Si les amis du roi avaient passé la nuit à dormir tranquillement, ceux du duc d'Anjou avaient pris la même précaution.

A la suite d'un bon souper auquel ils s'étaient réunis d'eux-mêmes, sans le conseil ni la présence de leur patron, qui ne prenait pas de ses favoris les mêmes inquiétudes que le roi prenait des siens, ils se couchèrent dans de bons lits, chez Antraguet, dont la maison avait été choisie comme lieu de réunion, se trouvant la plus proche du champ de bataille.

Un écuyer, celui de Ribérac, grand chasseur et habile armurier, avait passé toute la journée à nettoyer, fourbir et aiguiser les armes.

Il fut, en outre, chargé de réveiller les jeunes gens au point du jour: c'était son habitude tous les matins de fête, de chasse ou de duel.

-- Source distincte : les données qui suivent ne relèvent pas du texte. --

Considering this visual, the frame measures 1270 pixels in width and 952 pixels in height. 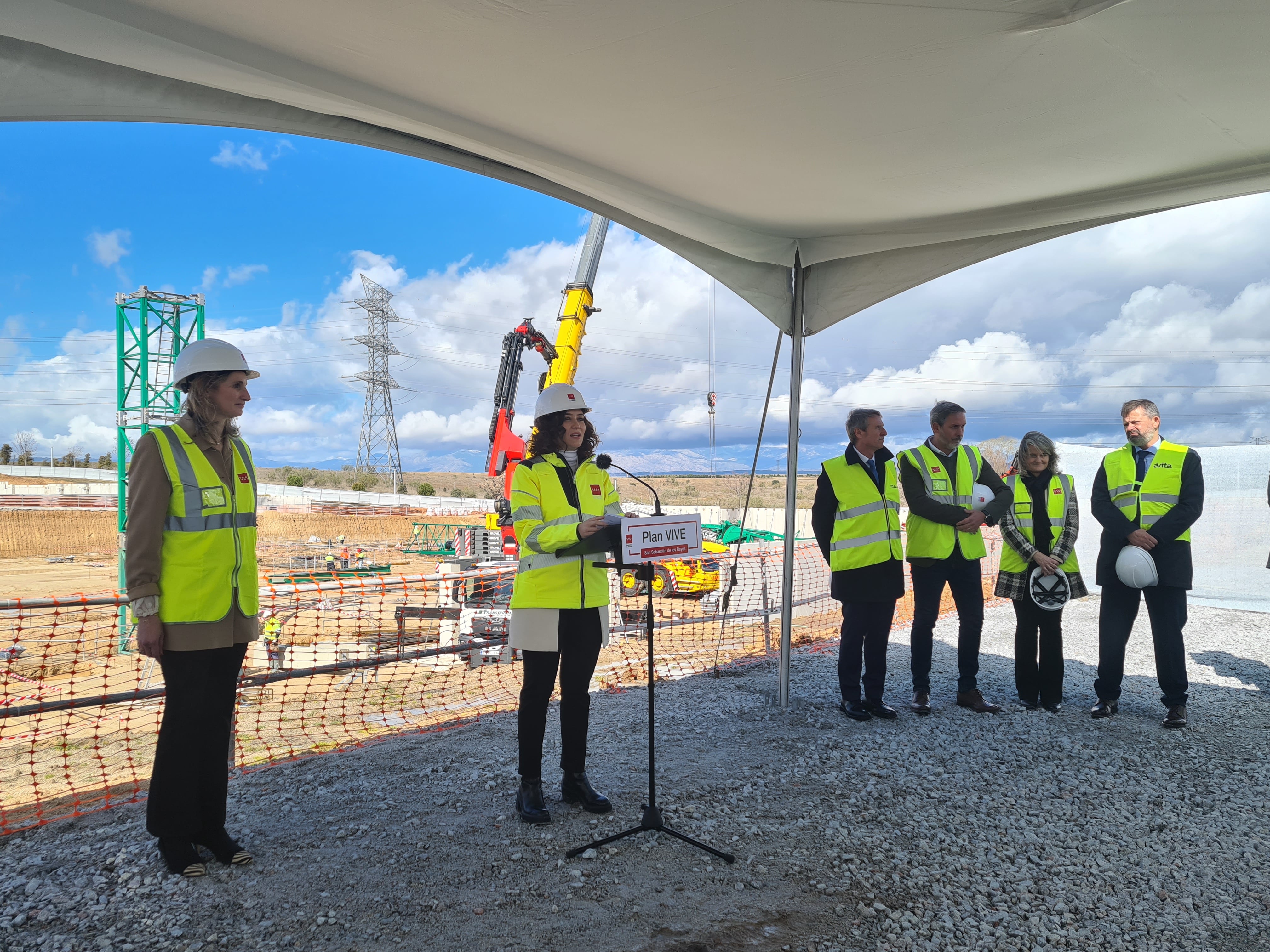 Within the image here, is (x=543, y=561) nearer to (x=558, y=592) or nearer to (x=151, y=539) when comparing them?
(x=558, y=592)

Antraguet, avant de souper, s'en était allé voir, rue Saint-Denis, une petite marchande qu'il idolâtrait et qu'on n'appelait, dans tout le quartier, que la belle imagière. Ribérac avait écrit à sa mère; Livarot avait fait son testament.

A trois heures sonnant, c'est-à-dire quand les amis du roi s'éveillaient à peine, ils étaient déjà tous sur pied, frais, dispos et armés de bonne sorte.

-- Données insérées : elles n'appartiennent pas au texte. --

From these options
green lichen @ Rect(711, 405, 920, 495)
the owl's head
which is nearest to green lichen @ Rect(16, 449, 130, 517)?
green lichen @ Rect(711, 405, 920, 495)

Ils avaient pris des caleçons et des bas rouges pour que leurs ennemis ne vissent pas leur sang, et que ce sang ne les effrayât point eux-mêmes; ils avaient des pourpoints de soie grise, afin, si l'on se battait tout habillé, qu'aucun pli ne gênât leurs mouvements. Enfin ils étaient chaussés de souliers sans talons, et leurs pages portaient leurs épées, pour que leur bras et leur épaule n'éprouvassent aucune fatigue.

C'était un admirable temps pour l'amour, pour la bataille ou pour la promenade: le soleil dorait les pignons des toits sur lesquels fondait étincelante la rosée de la nuit.